Datica Blog

Privacy Shield: Know the ropes before pulling data back across the pond

Marcia Noyes

Marcia Noyes

Director of Communications

December 4, 2017   Compliance Security

If your U.S. company plans to bring health data from the European Union back to the states, you must address an additional privacy requirement laid out by the European Court of Justice. The EU-U.S. Privacy Shield, which replaced the previous Safe Harbour Framework, levies a stronger obligation on U.S. companies today. To comply, companies must either self-certify for the EU-U.S. Privacy Shield or obtain a third-party assessment. This self-certification or assessment confirms that your company meets the Privacy Shield Framework requirements that help protect the personal data of Europeans.

While everyone is gearing up for the General Data Protection Regulation (GDPR) that goes into effect for the European Union on May 25, 2018, one critical facet cannot be overlooked for customers who aspire to work internationally.

Q & A with Lori Meals

Datica Director of Compliance Lori Meals has been gathering more details on the Privacy Shield and readying Datica for its own self-certification. She recently sat down to answer questions on the topic that will be helpful to you as you think through the necessary steps in bringing private health data back to the states from abroad.

Why are the privacy protections more stringent in the European Union than the U.S.?

Lori Meals: The EU has been more progressive around data privacy, and that’s especially true for Germany. During World War II, the fascist regime used personal information to target people for all sorts of atrocities. Therefore, Europeans are especially sensitive to this sort of personal data being shared.

Why was the Safe Harbour Framework invalidated and the EU-U.S. Privacy Shield enacted in its place?

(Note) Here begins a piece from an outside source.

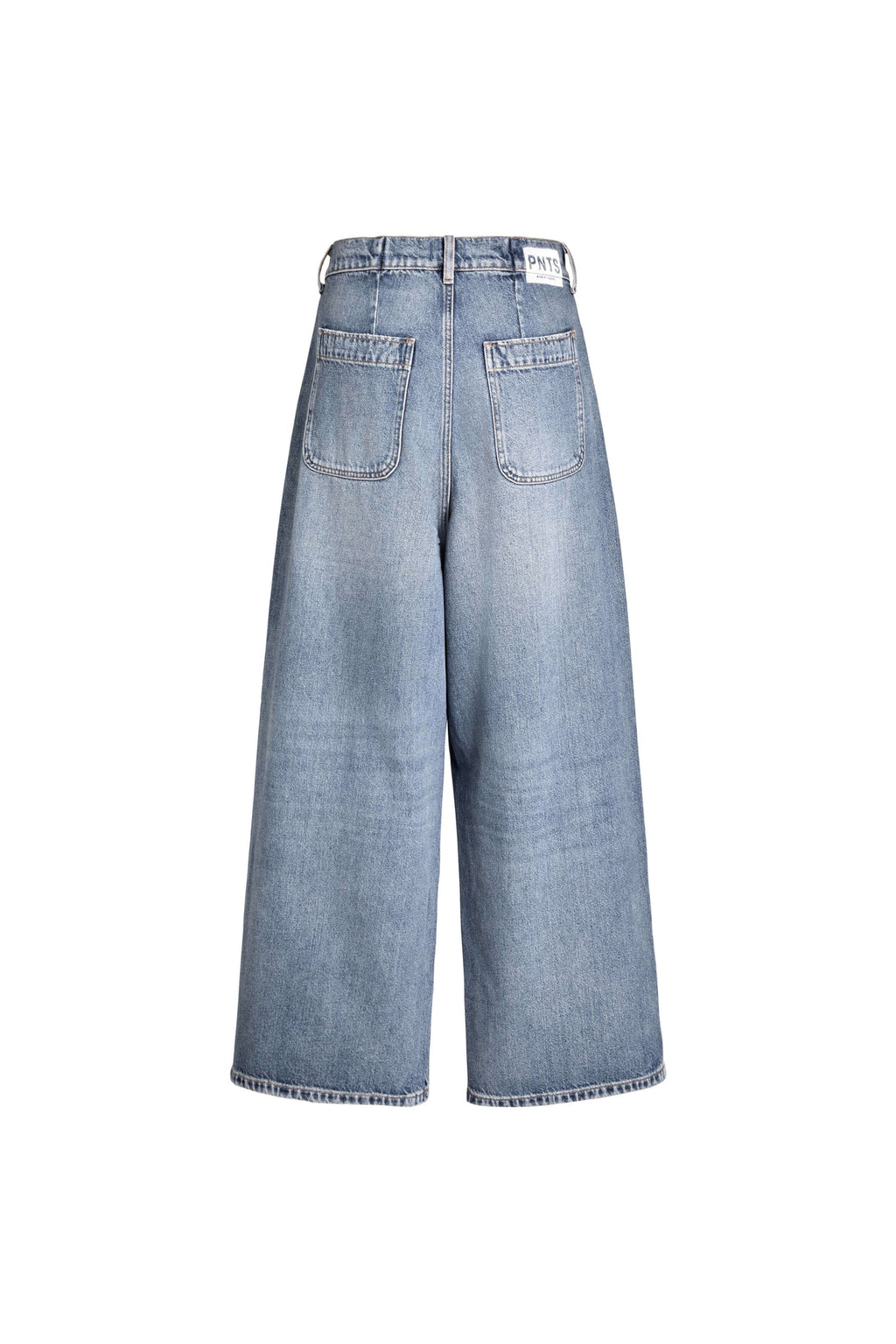 PNTS _22 Over The Top Buttons Jeans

Lori: All comes down to Edward Snowden. Remember him? He’s the former National Security Association (NSA) contractor who revealed that the intelligence agency had been spying on European citizen data held by American companies. That snowball quickly rolled downhill to Facebook. Austrian student Max Schrems filed subsequent lawsuits, alleging that Facebook had not been protecting personal data of Europeans, as extrapolated from the Snowden leaks. Those leaks showed that the NSA performed surveillance on technology companies, like Facebook. His complaints landed in the European Court of Justice whose governance quickly invalidated the Safe Harbour Framework and exacted a seismic shift upon international data privacy.

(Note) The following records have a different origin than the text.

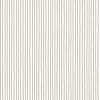 Marbella - Marron White By Gaston Y Daniela | Gaston Luis Bustamante |Stripes  Drapery Print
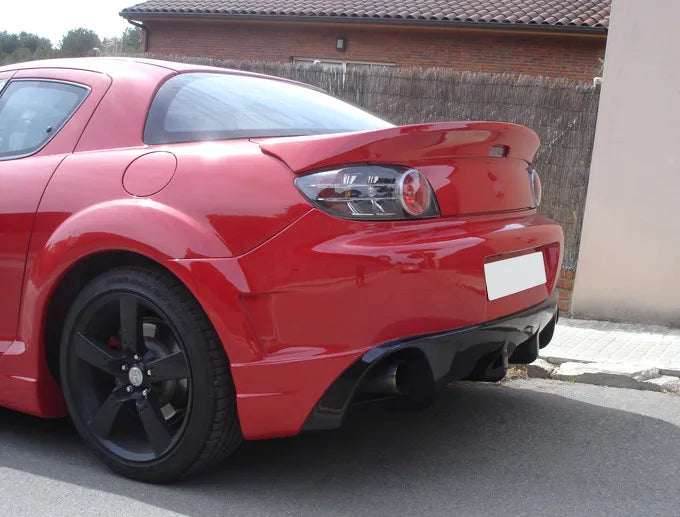 🤩KIT SPOILER ADATTO PER  MAZDA RX-8 ( RX8 ) 🤩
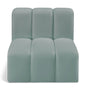 Arc - Faux Leather Straight Chair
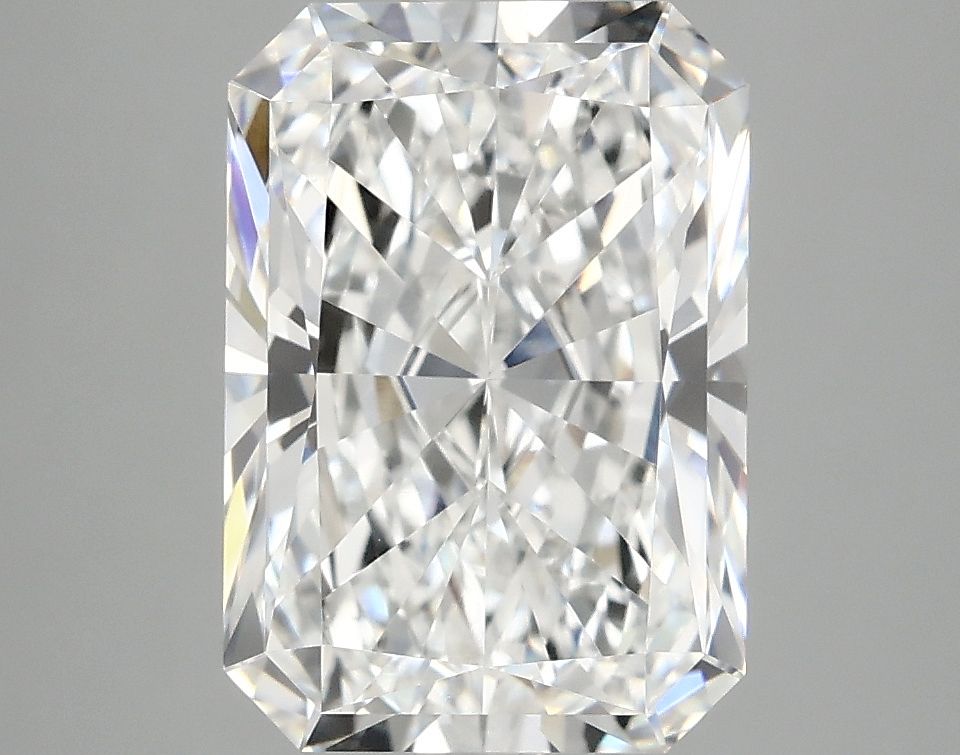 4.08 ct. radiant Lab Grown Diamond front image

Is the Privacy Shield certification required for Datica?

Lori: No, it is not incumbent upon us, but it is for our customers, assuming they are expanding into Europe and/or using European citizen data. Without the Privacy Shield, a U.S. company is potentially liable when not adhering to these principles.

Then why is Datica moving down the path toward self-certification for the Privacy Shield Framework?

Lori: The self-certification adds that extra layer of protection for which Datica is known.

What must a customer know about Privacy Shield?

Lori: The Privacy Shield has a couple of important vocabulary words: data controller and data processor. Datica would be the “data processor” because we only work on behalf of those who are collecting the data. The Privacy Shield lays out the data protection principles that gives an individual the right to know that a company not only holds your data, but that the individual can request that such data be deleted, updated or changed, as well as requesting copies of it.

Is there anything else that a Datica customer needs to know?

Lori: Before expanding into Europe, U.S. companies must sign a Data Processing Agreement (DPA). The DPA signifies the agreement the parties’ have made with respect to terms governing personal data processing. Organizations will also need to contract with a 3rd party to handle complaints about how the organization handles data, should any arise.

How does this impact digital health companies long-term?

Lori: The rules and regulations have become more stringent upon U.S. companies involved with cross border data transfers. Abiding by the European requirements is imperative for staying out of hot legal waters.

Datica exists to help make digital health companies successful whether they work solely with U.S. citizen data or if they dip a toe into the commercial waters between countries. We live in a thriving, global digital economy today. When everyone follows the rules, we increase the chances of digital health success and decrease the chances of getting our hands and wallets slapped in court.